Students already speed around the skating floor by the time I make it inside. It’s been years since I’ve been in this place. When I was in middle school it was called Roller King, but now it’s Roller Skate City. New carpet and the location of the desk where they distribute skates are two noticeable differences from the place I remember. Also different is Rihanna’s voice belting “Disturbia” followed by Lady Gaga crooning “Telephone.” Last time, Cyndi Lauper’s “Girls Just Want to Have Fun” and Madonna’s “Borderline’ blared from the sound system. Life is funny. I have to laugh.
Reminiscing stops when a few of my students approach. Based on their wary glances towards me I’m sure some sixth grade drama is unfolding. “Will you skate with us?”
Boy, was I wrong. “Oh girls,” I feel the excuses begin to formulate. “I don’t know.”
“Please.” Huge toothy grins accentuated by big brown doe eyes tug on my heart.
And the war begins.

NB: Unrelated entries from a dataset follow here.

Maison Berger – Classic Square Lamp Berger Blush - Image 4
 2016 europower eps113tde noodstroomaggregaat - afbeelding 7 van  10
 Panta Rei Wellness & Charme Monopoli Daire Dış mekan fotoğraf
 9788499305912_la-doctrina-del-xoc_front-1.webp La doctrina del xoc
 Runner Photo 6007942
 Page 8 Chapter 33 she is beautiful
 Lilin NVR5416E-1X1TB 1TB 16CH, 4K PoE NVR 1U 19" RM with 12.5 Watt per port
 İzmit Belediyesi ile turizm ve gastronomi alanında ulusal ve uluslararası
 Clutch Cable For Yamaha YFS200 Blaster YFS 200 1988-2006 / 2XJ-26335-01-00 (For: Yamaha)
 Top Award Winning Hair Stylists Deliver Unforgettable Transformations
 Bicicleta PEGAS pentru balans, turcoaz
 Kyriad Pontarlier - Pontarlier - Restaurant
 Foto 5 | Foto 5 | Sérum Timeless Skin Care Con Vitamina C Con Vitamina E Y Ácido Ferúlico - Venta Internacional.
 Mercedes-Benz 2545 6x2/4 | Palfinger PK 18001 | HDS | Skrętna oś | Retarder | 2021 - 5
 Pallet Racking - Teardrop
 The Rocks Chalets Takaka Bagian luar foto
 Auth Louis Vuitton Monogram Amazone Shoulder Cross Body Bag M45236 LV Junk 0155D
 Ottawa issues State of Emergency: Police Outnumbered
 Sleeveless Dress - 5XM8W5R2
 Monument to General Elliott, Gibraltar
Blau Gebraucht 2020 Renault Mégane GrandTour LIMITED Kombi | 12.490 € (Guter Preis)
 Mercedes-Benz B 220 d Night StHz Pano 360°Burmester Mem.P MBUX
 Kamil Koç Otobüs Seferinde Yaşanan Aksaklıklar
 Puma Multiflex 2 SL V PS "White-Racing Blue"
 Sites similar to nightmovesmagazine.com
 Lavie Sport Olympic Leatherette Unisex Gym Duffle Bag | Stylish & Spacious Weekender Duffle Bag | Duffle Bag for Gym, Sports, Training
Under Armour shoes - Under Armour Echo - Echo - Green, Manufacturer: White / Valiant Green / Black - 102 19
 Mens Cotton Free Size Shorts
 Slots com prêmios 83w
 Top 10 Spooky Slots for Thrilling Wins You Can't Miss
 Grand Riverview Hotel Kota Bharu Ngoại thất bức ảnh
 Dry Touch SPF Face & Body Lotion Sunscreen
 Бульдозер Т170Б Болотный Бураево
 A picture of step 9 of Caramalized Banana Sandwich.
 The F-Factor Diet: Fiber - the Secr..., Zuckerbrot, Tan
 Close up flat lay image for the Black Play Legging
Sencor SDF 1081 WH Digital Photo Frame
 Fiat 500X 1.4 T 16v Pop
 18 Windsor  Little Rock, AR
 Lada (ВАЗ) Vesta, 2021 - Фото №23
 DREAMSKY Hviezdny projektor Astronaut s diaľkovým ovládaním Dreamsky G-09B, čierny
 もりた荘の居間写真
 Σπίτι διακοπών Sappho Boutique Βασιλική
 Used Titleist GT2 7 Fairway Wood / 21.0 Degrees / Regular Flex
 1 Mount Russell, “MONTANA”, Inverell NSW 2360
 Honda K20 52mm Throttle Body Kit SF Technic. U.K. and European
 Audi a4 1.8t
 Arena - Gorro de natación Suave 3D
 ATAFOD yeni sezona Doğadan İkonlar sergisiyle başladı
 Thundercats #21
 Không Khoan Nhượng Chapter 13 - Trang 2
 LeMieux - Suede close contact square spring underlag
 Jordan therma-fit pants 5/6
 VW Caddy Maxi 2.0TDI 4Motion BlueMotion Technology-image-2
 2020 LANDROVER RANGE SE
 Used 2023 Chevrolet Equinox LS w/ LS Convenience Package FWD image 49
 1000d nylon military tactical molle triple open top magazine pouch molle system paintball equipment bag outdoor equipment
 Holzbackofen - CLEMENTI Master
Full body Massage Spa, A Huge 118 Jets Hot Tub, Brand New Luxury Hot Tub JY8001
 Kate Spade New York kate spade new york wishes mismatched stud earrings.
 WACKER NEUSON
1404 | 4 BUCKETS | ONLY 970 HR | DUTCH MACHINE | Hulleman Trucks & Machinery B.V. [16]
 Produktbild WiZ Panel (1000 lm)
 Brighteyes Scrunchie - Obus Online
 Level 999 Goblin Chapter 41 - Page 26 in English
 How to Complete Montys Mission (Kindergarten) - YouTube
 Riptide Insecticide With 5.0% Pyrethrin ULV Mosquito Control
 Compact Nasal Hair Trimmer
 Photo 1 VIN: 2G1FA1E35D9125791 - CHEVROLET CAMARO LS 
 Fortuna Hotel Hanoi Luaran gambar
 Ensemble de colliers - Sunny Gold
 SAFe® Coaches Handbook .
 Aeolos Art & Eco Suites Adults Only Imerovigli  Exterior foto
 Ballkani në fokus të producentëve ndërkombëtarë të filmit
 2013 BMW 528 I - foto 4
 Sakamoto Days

Like a cartoon angel and devil battling for control of conscience, I hear two inner voices vying for attention.
My head turns towards the left where I spy a little me sitting properly on my shoulder. Hands folded neatly in lap, the proper mini-me obviously disapproves. “You can’t get on those things. It’s been more than twenty years. You’ll break your leg or your neck. You really can’t afford to miss any more work now. No, no, no. Don’t do it. What would people think?”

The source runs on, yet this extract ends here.